Ugur_Ercelik · August 5, 2021, 8:14am

I am working on object detection with autonomous datasets . I want to train my model with 10000 train images,2000 test,2000 validation images.So, i will use object detection tensorflow lite model maker.

Project link : Object Detection with TensorFlow Lite Model Maker

But the large dataset and batch size of 32, the training takes 50 epochs and takes 2 days(Step 3).I can’t keep my computer on for two days.I am running the project in jupyter notebook

How can i stop model training and again resume it ? (e.g. stop the 10th epoch and continue one day later)

lgusm · August 5, 2021, 10:02am

Hi Ugur,

I don’t think you can do that. Model Maker, as of today, doesn’t have a stop and resume option.
you have a couple of options:

make sure you’re using a GPU for training.

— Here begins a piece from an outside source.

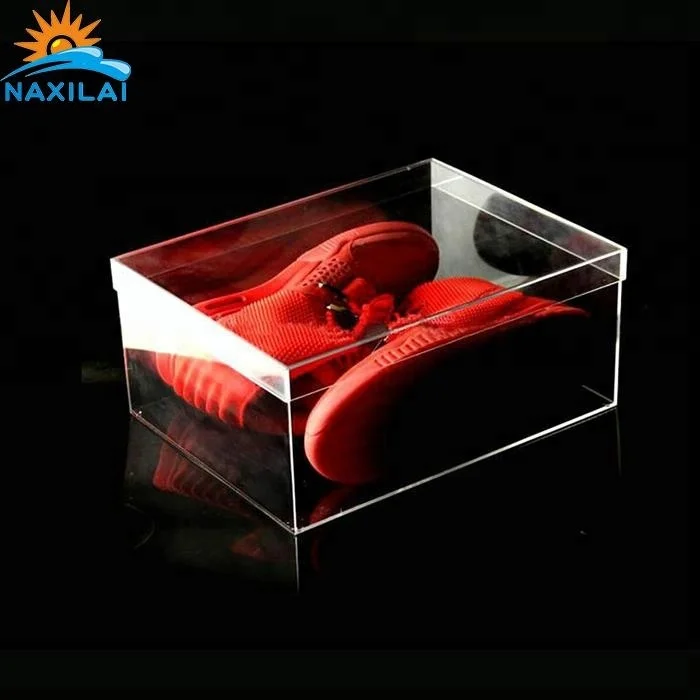 Naxilai Custom Design Acrylic Shoe Box Acrylic Sneaker Shoe Box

This makes a huge difference in execution time
run the same notebook on the cloud (eg: GCP) with a higher spec machine. This way you can keep the machine turned on during the process. The drawback is that you have to pay

Object Detection is a complex task and it’s expected that it would take a long time to finish, even with top HW spec.

@Yuqi_Li any other suggestion?

Viktor_Nilsson · November 30, 2021, 12:20pm

Do you have any plans to introduce support for resuming training from a mode previously trained/created using TFLiteModelMaker?
I often have a situation where training data is acquired continuously from existing camera installations. It would be a great feature to be able to use a previously trained model as baseline when continuing the training with more and new data.

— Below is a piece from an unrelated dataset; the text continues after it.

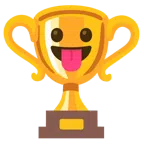 ถ้วยรางวัล + แลบลิ้น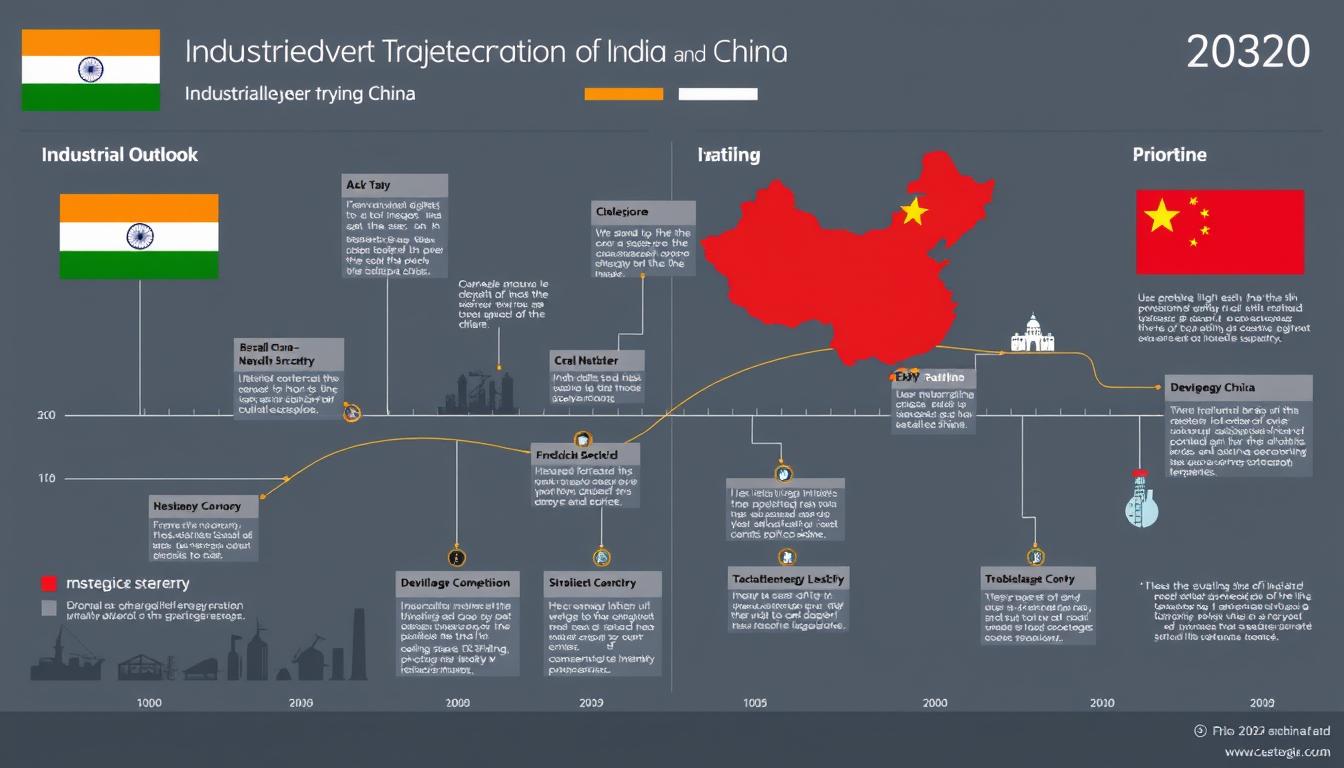 Strategic outlook visualization for industrial development trajectories of India and China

For example an option to pass the path to an existing checkpoint when calling tflite_model_makerobject_detector.create() ?

Thanks!

Robert_Zak · December 23, 2021, 4:04am

Is there any update on ability of Model Maker, as featured in EfficientDet Tutorial to resume from a checkpoint? I notice that the current version of EfficientDetLiteXSpec() takes an argument for a “model_dir” . When set, object_detector.create() dutifully records checkpoints as it is training. Is there any other use for these checkpoints (other than resuming from a checkpoint)?

Viktor_Nilsson · January 17, 2022, 9:03am

I made a workaround to allow resuming from a checkpoint saved in model_dir by manually calling tf.keras.models.load_weights({checkpoint_path}) on the model before starting to train again.

The quickest way if you want to try it is to install TFLiteModelMaker as source in pip and add:
model.load_weights({checkpoint_path}), in the train() function, just before the call to model.fit() in object_detector_spec.py

lgusm · January 17, 2022, 7:13pm

Hi Viktor,

Can you send a PR with this change? I think that other people might benefit from it!

Fredrik_T · January 18, 2022, 6:45am

This sounds like a quick thing to get implemented officially.
Great finding!

Viktor_Nilsson · January 18, 2022, 9:56am

Hi,
Here is a PR where a checkpoint can be passed to objectdetector.create() for resuming training.

lgusm · January 18, 2022, 11:50am

Thanks Viktor! Many people will be happy when this is merged! (given previous threads asking the same thing!)